One final game before the All Star break and the bye week. One more stretch of 60 minutes before being without Ducks hockey for 10 full days. One last push against a Blues team that sits far from where many expected them to be this season.
Thank God that’s over.
I’m not going to even bother with breaking down the game. What was probably the worst regular season attempt at hockey in the last several years doesn’t really deserve a detailed summary.
Instead, I’ll just give you a quick recap: Daniel Sprong goal on the first shot for the Ducks 6:44 into the game. Goals by Vladimir Tarasenko, Zach Sanford, Oskar Sundqvist, Tyler Bozak, and Sammy Blais for the Blues. 13 shots on goal total for Anaheim. 32 for St. Louis. 60% of the shot attempts in favor of the Blues. And 62% of the scoring chances. And 72% of the high-danger chances (26 allowed in total, what the ever-loving hell).
Gibson probably should have been pulled after the fourth goal. Instead, he was pulled after the fifth with Chad Johnson making just one save in relief.
This game resulted in one of the worst Gamescore cards I’ve ever seen:
Best and Worst
Best - Daniel Sprong
Sprong is one of the few Ducks who is pulling his weight offensively lately with six points in his last seven games, including a goal last night. He’s currently on pace for 30 goals over a full season since he joined Anaheim. The pure shooting talent seems to be coming around.
Worst - Looks around everywhere
Yeah, that sucked. It’s poetic that the Ducks would limp into the break like this. Last night wasn’t even just a bad hockey team. This was a team that had given up and looked like they actively were not trying to win the game. The Gamescore card above illustrates that pretty clearly.
This team doesn’t deserve John Gibson. Go show the rest of the world how good you are at the All Star Game, buddy.

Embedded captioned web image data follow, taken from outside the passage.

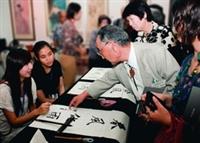 日本書道協會成員赤羽稔章（右前）6日蒞校，與學生切磋書法創作。（攝影�曾煥元）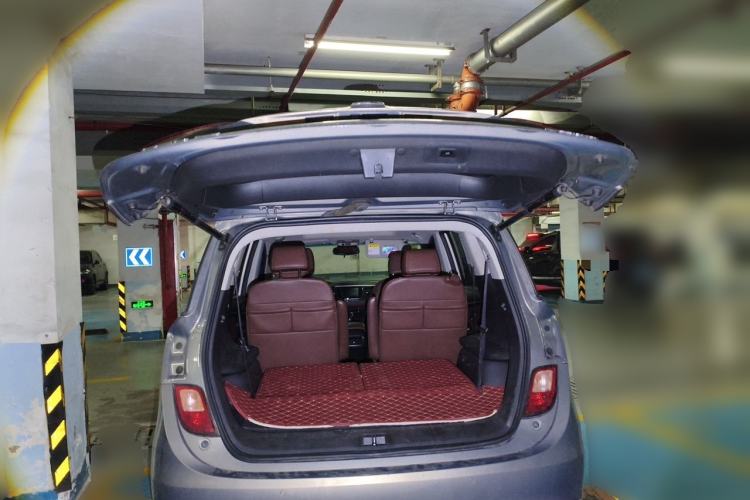 Used Buick GL6 2018 18T 6-Seater Prestige Model Trunk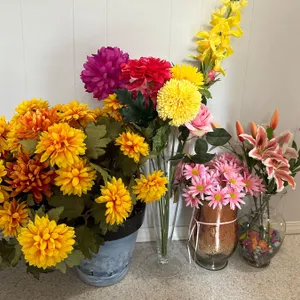 Vases, pot & artificial flowers lot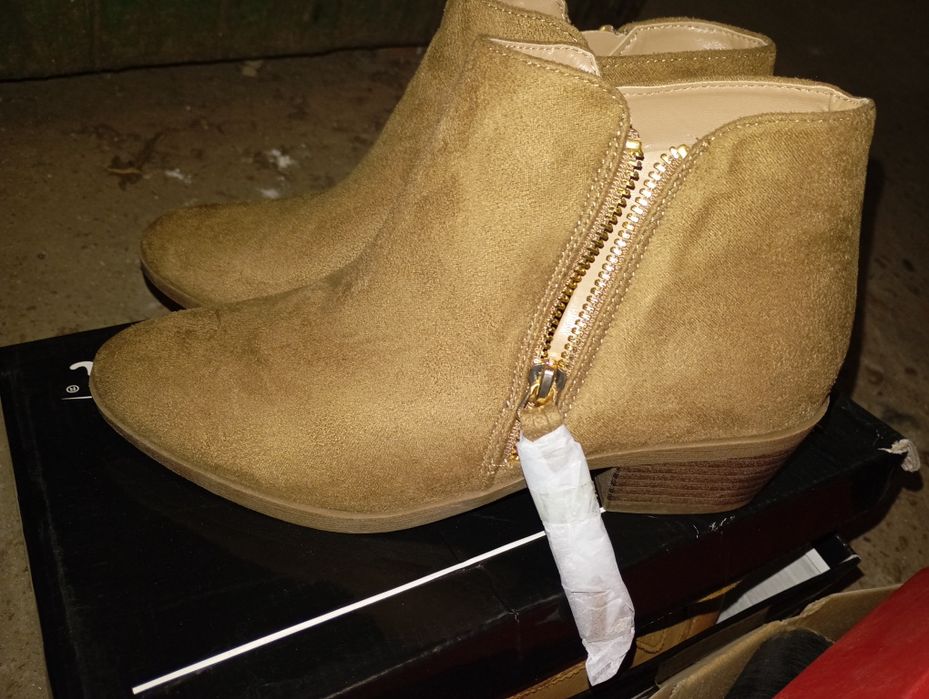 Боти нови и носени веднъж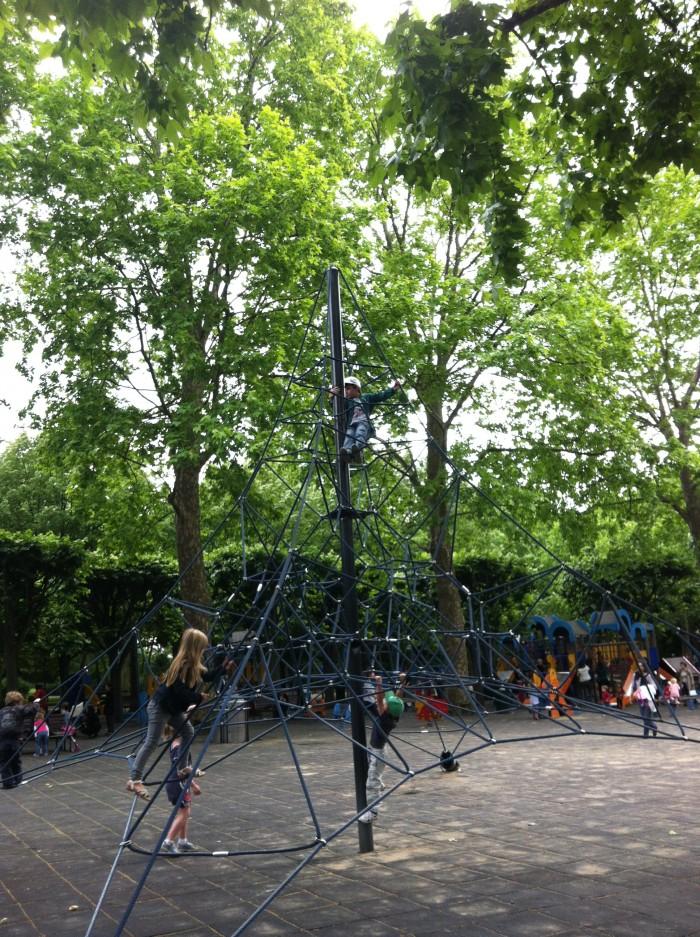 Jouet au Jardin du Luxembourg, à Paris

Worst - No meaningful coaching or management changes are coming, probably
Given the context of this season, this kind of game would undoubtedly lead most teams to fire their head coach. Some would even fire their general manager after a performance like this. But we all know that’s probably not going to happen here. The old boys’ club will take a break and sip on their finely-aged whiskey while sitting in fine leather-bound chairs doing all the mental gymnastics required to convince themselves that they have no hand in how bad this team is and that those damn players just won’t step up and play better.